» Work to complete
A verbatim copy of the full data, with no pictures, is the expected answer.

» Stored data

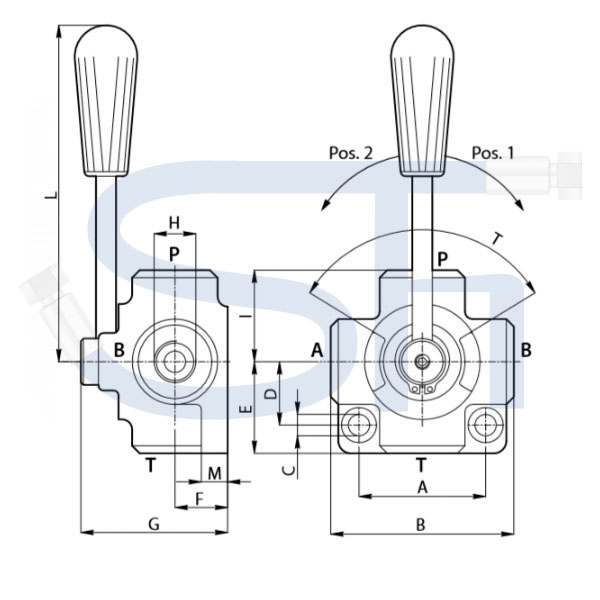4-Wege Drehumschalthahn R 1/2" - offene Ausführung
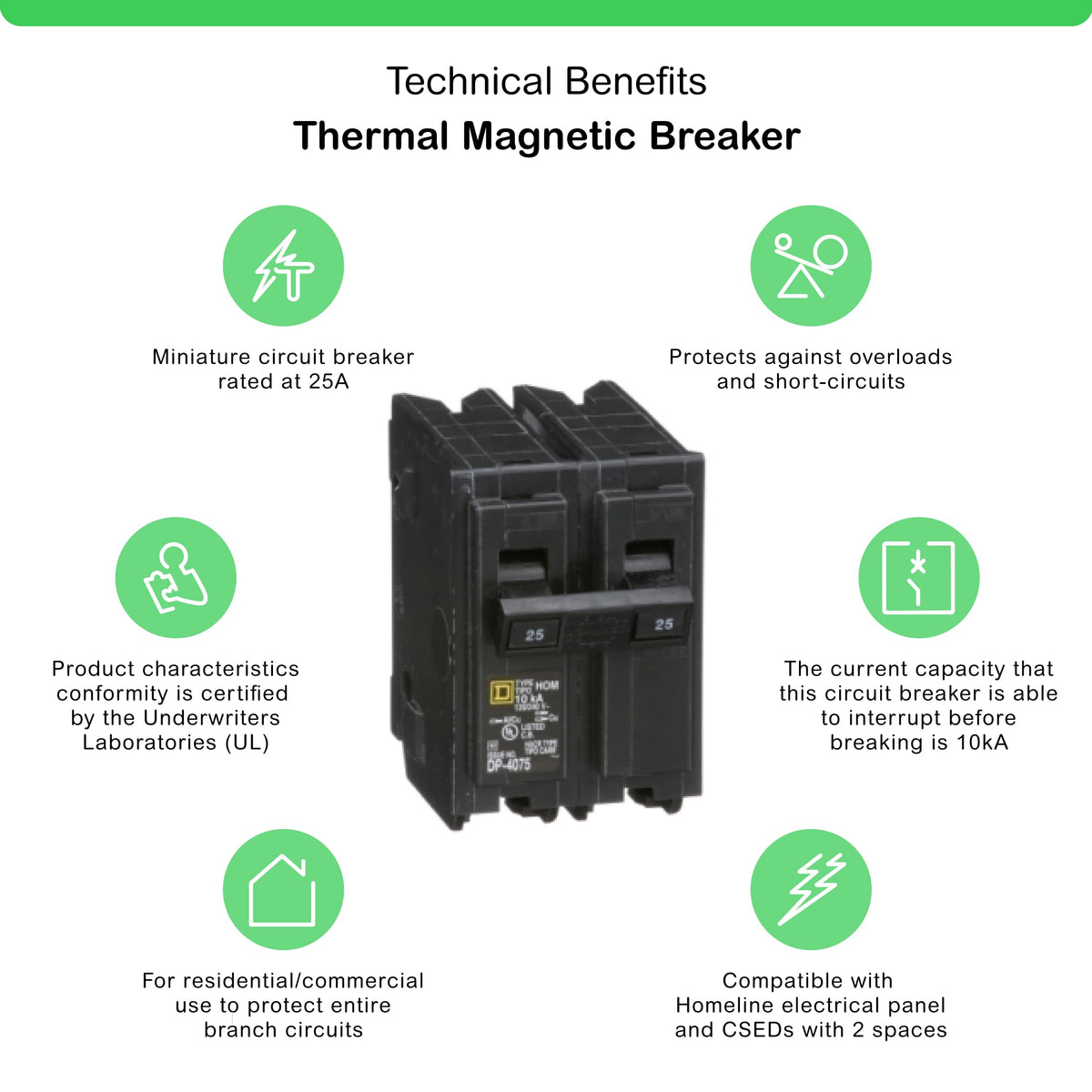 Square D HOM225 25-Amp 2-Pole Thermal Magnetic Circuit Breaker 120/240V 10kAIC Type Homeline (Plug-On) - product image 2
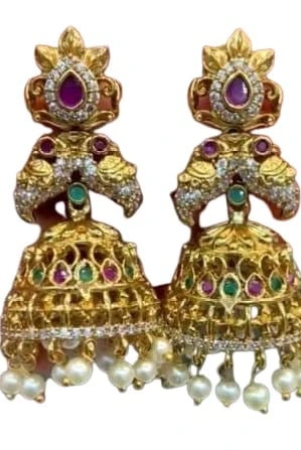 Gold Plated Kundan and Pearl Drop Earrings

» Written response
4-Wege Drehumschalthahn R 1/2" - offene Ausführung
 Square D HOM225 25-Amp 2-Pole Thermal Magnetic Circuit Breaker 120/240V 10kAIC Type Homeline (Plug-On) - product image 2
 Gold Plated Kundan and Pearl Drop Earrings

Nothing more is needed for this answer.